Der Verteidiger verlangte ein neues Gutachten. Die von der Staatsanwaltschaft bestellte Psychiaterin Adelheid Kastner habe eine "ständige Geschäftsverbindung" zu Anklagebehörde und sei zudem keine ausgewiesene Drogenexpertin. Er beantragte ein weiteres, "unabhängiges" Gutachten. "Mein Mandant sagt, er hat gewusst, was er tut, aber er konnte es nicht steuern. Diese Problemlage finde ich aber im Gutachten nicht wieder", begründete er diesen Schritt. 

"Kurzschlussaktion"

Der Angeklagte schilderte gefasst den Tatablauf. Er erklärte die Tat mit dem Drogenrausch, in dem Denken und Handeln in getrennten Bahnen laufen. Sein Freund, der beim Verstecken der Leiche half, hatte bei der polizeilichen Einvernahme ein mögliches Motiv geliefert: Der Beschuldigte habe gesagt, er hätte gerne Sex mit einer Toten. Vor Gericht konnte der Zeuge sich aber nicht mehr erinnern.

Der - strafrechtlich bisher unbescholtene - Angeklagte schilderte seine Drogenkarriere, die bereits mit 13 Jahren begann. Zuletzt wollte er in Tschechien neu anfangen. Das Opfer sei eine Internetbekanntschaft eines Freundes gewesen und habe die beiden Männer öfter in dem Land besucht. Die hilfsbereite Frau habe ihn immer nach Steyr gefahren und bei sich wohnen lassen, wenn er in der Stadt etwas erledigen musste. Er könne sich die "Kurzschlussaktion" nur damit erklären, dass sein Unterbewusstsein ihr dafür die Schuld gegeben habe, dass er wieder Crystal Meth nahm.

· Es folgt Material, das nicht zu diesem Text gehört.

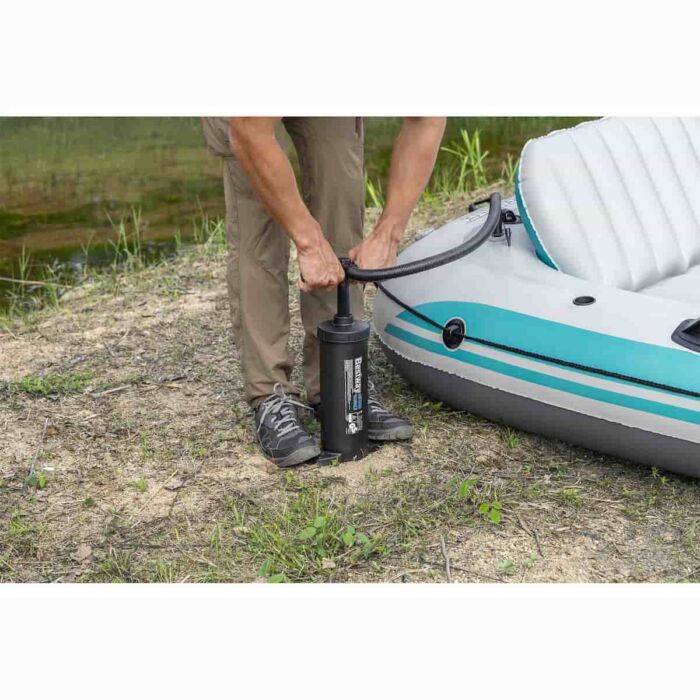 Barca hinchable Hydro Force Adventure EliteX5 de 3,64m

Am Tattag sei er wie verabredet zu der 24-Jährigen in ihre Wohnung gekommen, sie habe auf der Couch geschlafen. Er sah fern und setzte sich zwei Crystal-Meth-Injektionen. Dann habe er die Kordel auf den Tisch gelegt, warum wisse er nicht. Später habe er sich hinter die Frau gekniet und ihr die Schnur um den Hals gelegt. Was er getan habe, sei ihm zu diesem Zeitpunkt nicht klar gewesen: "Es war einfach eine Handlung von mir." Der Richter wollte wissen, ob sich das Opfer gewehrt habe. "Es sind leichte Geräusche von ihr gekommen und leichte Abwehrbewegungen", antwortete der Angeklagte.

Bilder im Kopf

Dann rief er seinen Freund an. Zu diesem Zeitpunkt habe die Frau noch geröchelt. Er habe sie gewaschen und ausgezogen sowie Kleidung und Couch mit einem Desinfektionsmittel gereinigt - nicht um Spuren zu verwischen, sondern wegen des Geruchs, wie er behauptete. Er stülpte ihr einen Sack über den Kopf, damit sein Freund, der ihm später half, die Leiche verschwinden zu lassen, "nicht die selben Bilder im Kopf hat wie ich".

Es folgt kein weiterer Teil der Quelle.